Cutting Northern Ireland's rate of corporation tax is unlikely to attract significant volumes of new overseas investment, a report has claimed.
Business advisers PricewaterhouseCoopers (PwC) describe cutting corporation tax as a "relatively blunt instrument" in the latest shot across the bows in the debate over bringing the main 28% rate into line with the Republic's 12.5%.
As part of the report 'Corporation tax - game changer, or game over?' PwC surveyed tax regimes in 182 countries. The survey showed that the UK, including Northern Ireland, had the sixteenth most business-friendly regime despite having a higher corporation tax rate than many other countries.
PwC also said that matching the Republic's corporation tax rate could cost the Assembly around £280m a year, with no certainty of an equivalent uplift in new foreign direct investment.
The battle over the issue has recently intensified and last year 16 top business leaders called for the devolution of tax powers to Stormont, describing lower corporate tax as a "win-win" situation for the economy.
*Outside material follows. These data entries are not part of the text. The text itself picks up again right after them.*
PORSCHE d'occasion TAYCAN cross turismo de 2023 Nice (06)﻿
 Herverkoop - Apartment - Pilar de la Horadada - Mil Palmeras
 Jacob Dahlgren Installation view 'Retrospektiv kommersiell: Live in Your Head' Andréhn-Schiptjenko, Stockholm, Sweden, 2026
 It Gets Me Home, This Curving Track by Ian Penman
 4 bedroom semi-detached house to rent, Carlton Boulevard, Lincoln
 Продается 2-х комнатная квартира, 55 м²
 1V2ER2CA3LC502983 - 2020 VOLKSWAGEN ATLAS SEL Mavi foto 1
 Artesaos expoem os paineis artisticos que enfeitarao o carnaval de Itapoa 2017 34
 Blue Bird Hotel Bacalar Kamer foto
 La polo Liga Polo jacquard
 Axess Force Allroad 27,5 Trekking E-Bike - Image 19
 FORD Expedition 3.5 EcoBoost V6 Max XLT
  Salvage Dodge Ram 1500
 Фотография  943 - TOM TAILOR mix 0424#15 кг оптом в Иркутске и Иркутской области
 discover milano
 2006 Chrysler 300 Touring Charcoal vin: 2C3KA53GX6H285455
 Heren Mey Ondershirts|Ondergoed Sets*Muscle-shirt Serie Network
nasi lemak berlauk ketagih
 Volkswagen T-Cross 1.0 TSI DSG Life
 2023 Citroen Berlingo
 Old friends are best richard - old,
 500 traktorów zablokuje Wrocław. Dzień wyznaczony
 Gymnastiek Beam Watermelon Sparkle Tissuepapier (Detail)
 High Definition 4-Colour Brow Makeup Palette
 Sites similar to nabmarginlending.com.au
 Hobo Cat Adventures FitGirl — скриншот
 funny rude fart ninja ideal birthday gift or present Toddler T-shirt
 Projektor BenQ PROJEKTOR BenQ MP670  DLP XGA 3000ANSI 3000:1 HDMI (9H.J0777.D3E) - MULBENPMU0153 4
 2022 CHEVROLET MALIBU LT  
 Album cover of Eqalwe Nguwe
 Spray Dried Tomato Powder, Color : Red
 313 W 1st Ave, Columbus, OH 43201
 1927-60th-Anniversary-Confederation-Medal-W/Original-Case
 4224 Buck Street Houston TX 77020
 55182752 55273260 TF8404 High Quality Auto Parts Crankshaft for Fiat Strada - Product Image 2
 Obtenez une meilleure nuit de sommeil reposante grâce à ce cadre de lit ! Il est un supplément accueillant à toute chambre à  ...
But opponents claim that lowering the rate is a gimmick which will cost more to implement than the potential investment it might attract.
The issue was further complicated when the Republic came under pressure to lift its rate as part of the conditions for the IMF/EU bailout.
PwC tax partner, Martin Fleetwood said that there is little evidence to suggest that low corporation tax was the sole reason for the Republic's boom in the late 1990s to 2000s.
"Our research suggests that a variety of factors, of which low corporation tax was only one, contributed to the Celtic Tiger economy," he said.
He said that Westminster must give the Executive the power to cut the rate - but he said that such powers of fiscal flexibility could let the Executive vary other taxes.
Dr Esmond Birnie, PwC's chief economist in Northern Ireland, said: "A cocktail of financial incentives is more likely to be helpful than the blunt instrument of the headline corporation tax rate."